Starting point is 00:21:24 So every mistake you can make at large-scale data processing and large-scale distribution systems you can make, I have made at some point. And one of those systems that failed numerous times due to how we originally architected was around how we handled authorization. So the whole reason we started CERBOS and kind of working in this space is coming from a pain point we had ourselves of having to model this authorization logic and then also do it at large scale. So from a performance perspective, if you look at the difference again between authentication and authorization and how that fits into here.

Starting point is 00:21:56 Authentication is generally a one-off ceremony, an interactive one-off ceremony that a user will do. So every 15 minutes, let's say your sessions are, you'll be prompted, username, password, whatever, and you'll get a token back that's valid for 15 minutes, an hour, 10 seconds, whatever your requirements are. Once you've got that token, you can verify it without having to go and hit that service because of JSON key sets and all that kind of infrastructure that's been set up around it. So authentication is kind of almost like a cash concern at that point.
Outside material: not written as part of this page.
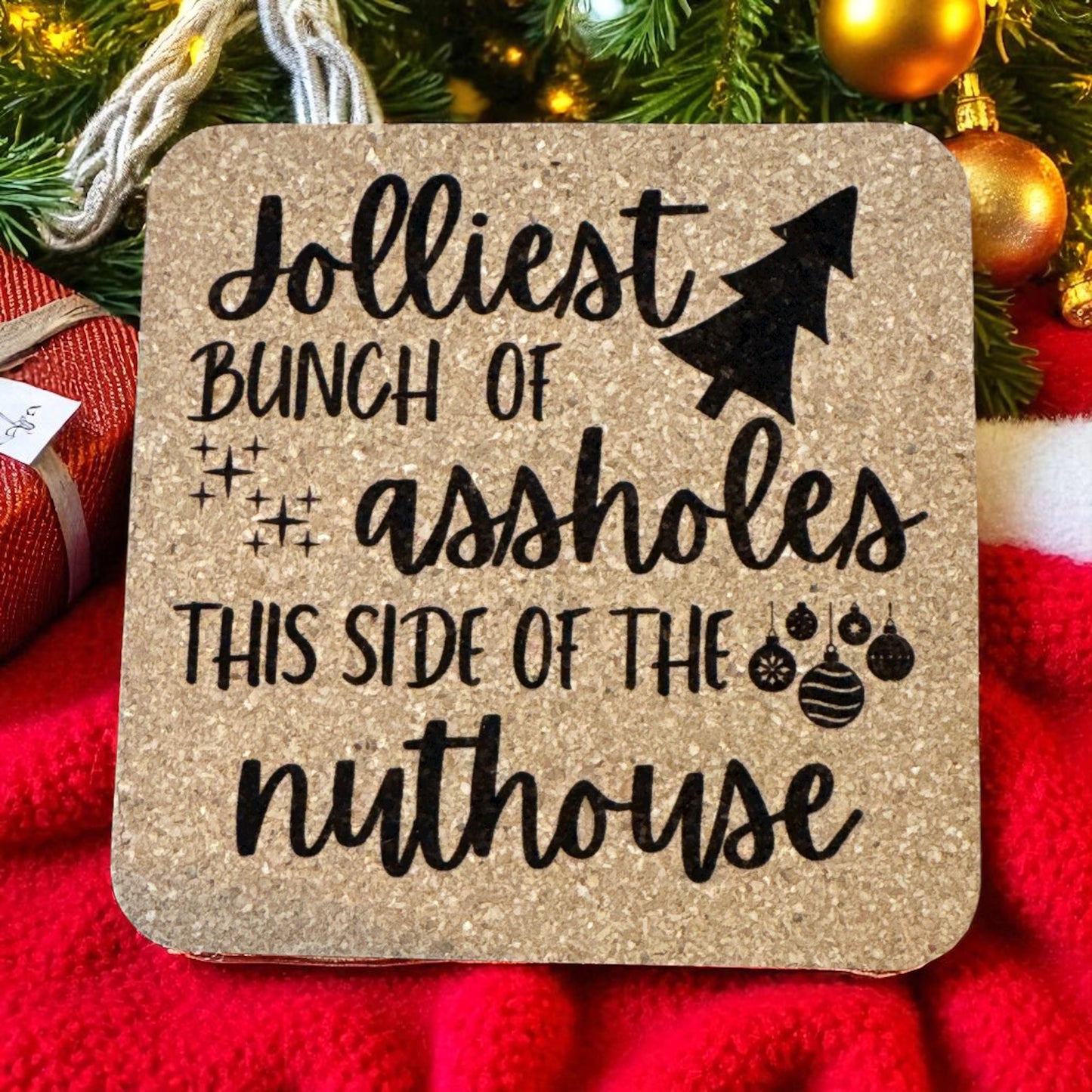 Sips & Giggle - Holiday Christmas Cork Coaster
Starting point is 00:22:23 There's obvious areas that you need to make sure you can invalidate tokens, etc. And there's great work going on in the standards committees around that. But you don't need to keep hitting that service. You can do it essentially locally on the node using key sets. Authorization, on the other hand, if you're doing anything beyond simple role base, where you check the token whether someone has a claim and allow or not, if you're doing anything that is contextual based on details of the user, details of the resource and the action they're doing, or even just the request context,

Starting point is 00:22:52 then by definition it can't be cached. So if you're making an authorization decision going back to that hotel keycard example, we can't cache that decision because first we need to validate that keycard is active. We need to validate that that key card is assigned to that room, and we also need to do a time check. And if we just cache a decision for an hour, well if the time that key expires within an hour, it's going to let you in the room when you shouldn't. So authorization needs to be done on every single call, and it needs to be evaluated

Starting point is 00:23:21 on every single call. And that is in the blocking path of every single request. It's in the key pipeline. So performance is fundamental to how you need to design and build an architect authorization. There's different schools of thoughts for how to do this. There's ways of doing that statefully. There's ways of doing that stateless.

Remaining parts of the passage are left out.